→ **What to do**
In the records below, find the line holding "Best-Treatment-For-Kidney-Stones" and the line holding "SUTURE PASSER SYSTEMS". Set down both, with every line between them, exactly.

→ **Raw data**
━━━━━━━━━━━━━━━━━━━━━━━━━━━━━━
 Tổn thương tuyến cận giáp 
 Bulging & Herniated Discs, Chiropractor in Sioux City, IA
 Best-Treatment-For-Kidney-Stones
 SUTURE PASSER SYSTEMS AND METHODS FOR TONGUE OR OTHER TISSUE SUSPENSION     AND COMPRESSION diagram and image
━━━━━━━━━━━━━━━━━━━━━━━━━━━━━━
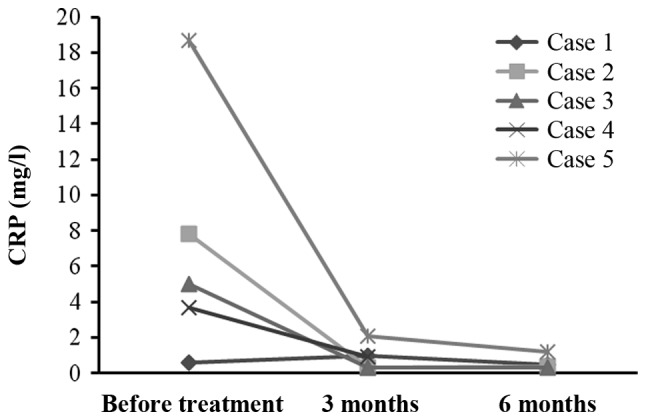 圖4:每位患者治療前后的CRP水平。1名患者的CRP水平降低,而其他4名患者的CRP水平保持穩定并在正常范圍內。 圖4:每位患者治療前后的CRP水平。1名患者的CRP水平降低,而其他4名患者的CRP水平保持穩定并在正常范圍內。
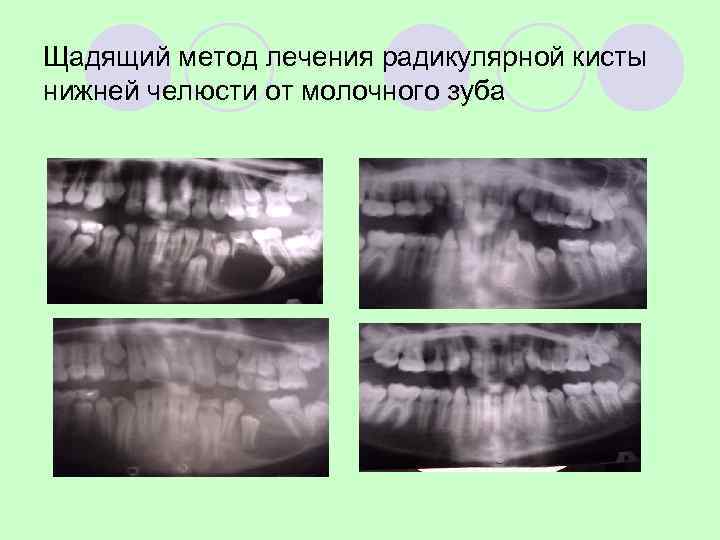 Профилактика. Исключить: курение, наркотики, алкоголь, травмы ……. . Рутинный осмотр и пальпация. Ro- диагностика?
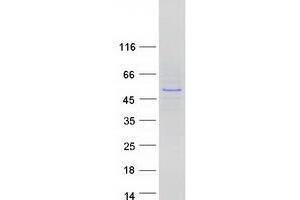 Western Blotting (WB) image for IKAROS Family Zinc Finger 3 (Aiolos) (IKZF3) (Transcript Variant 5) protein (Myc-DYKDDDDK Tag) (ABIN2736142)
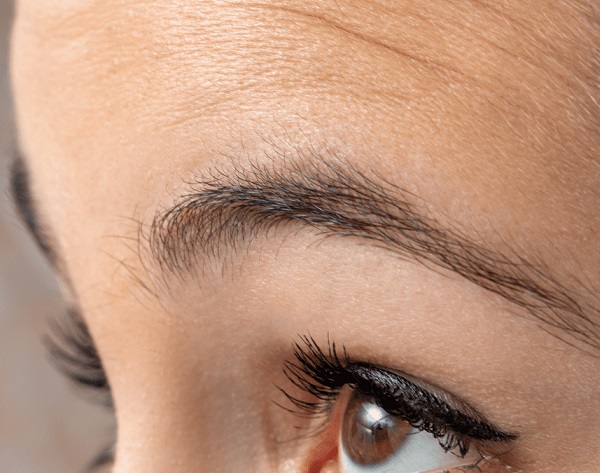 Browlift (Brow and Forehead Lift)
━━━━━━━━━━━━━━━━━━━━━━━━━━━━━━
→ **Task solution**
 Best-Treatment-For-Kidney-Stones
 SUTURE PASSER SYSTEMS AND METHODS FOR TONGUE OR OTHER TISSUE SUSPENSION     AND COMPRESSION diagram and image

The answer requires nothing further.